Raw data:
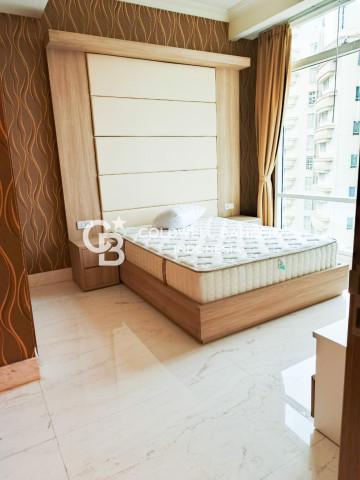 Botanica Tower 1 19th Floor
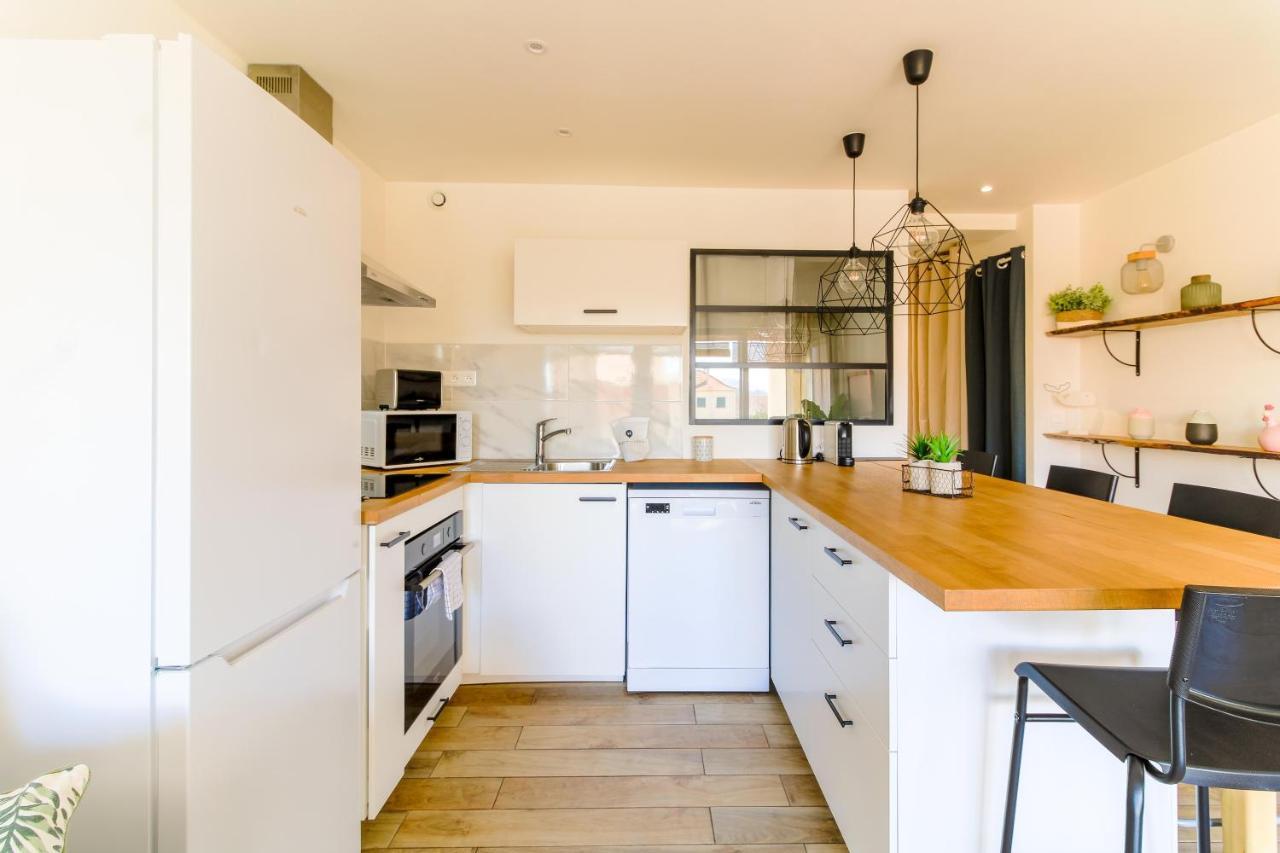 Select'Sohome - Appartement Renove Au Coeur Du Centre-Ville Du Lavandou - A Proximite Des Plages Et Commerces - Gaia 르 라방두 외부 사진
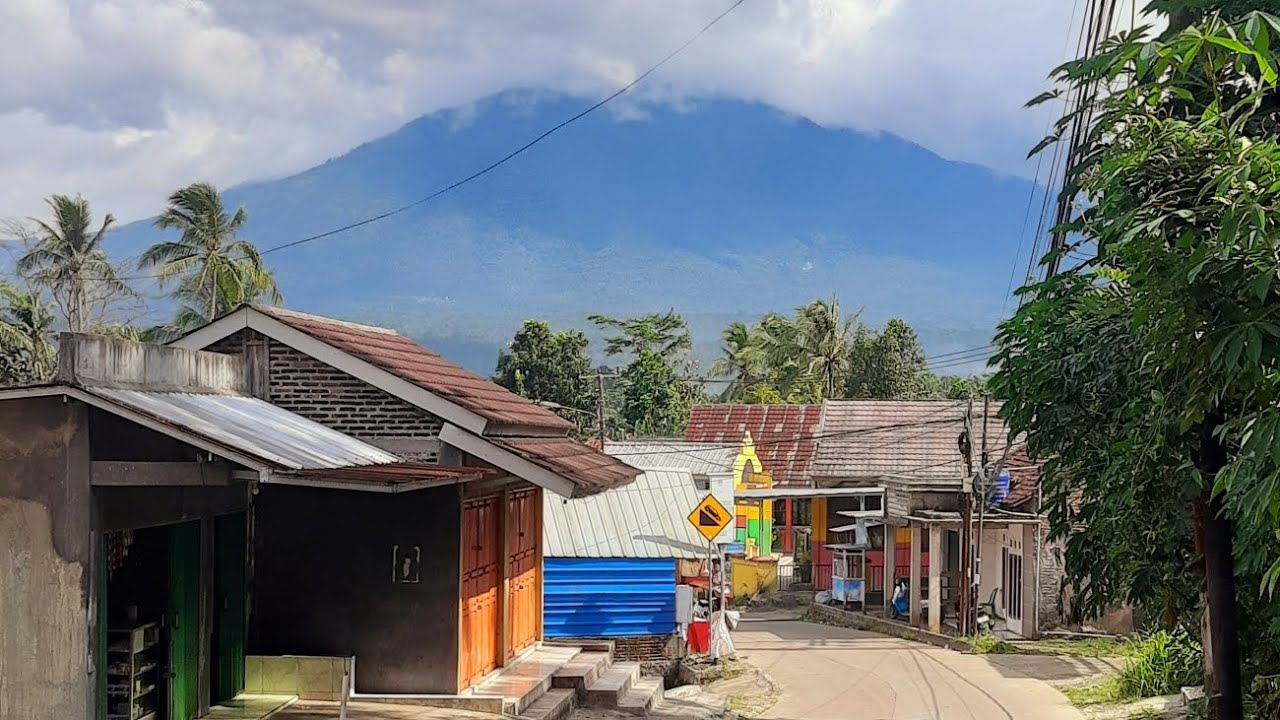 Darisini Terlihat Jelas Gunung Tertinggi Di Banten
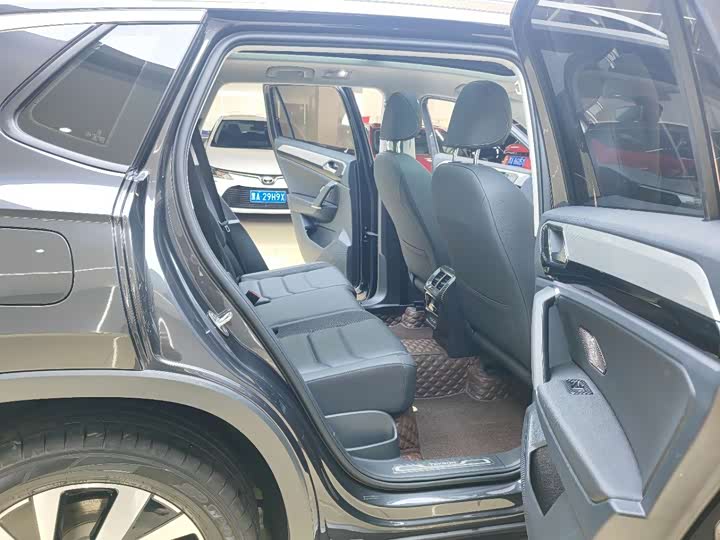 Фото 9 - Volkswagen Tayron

Your goal: Repeat the listing exactly, minus its pictures.

Expected answer:
 Botanica Tower 1 19th Floor
 Select'Sohome - Appartement Renove Au Coeur Du Centre-Ville Du Lavandou - A Proximite Des Plages Et Commerces - Gaia 르 라방두 외부 사진
 Darisini Terlihat Jelas Gunung Tertinggi Di Banten
 Фото 9 - Volkswagen Tayron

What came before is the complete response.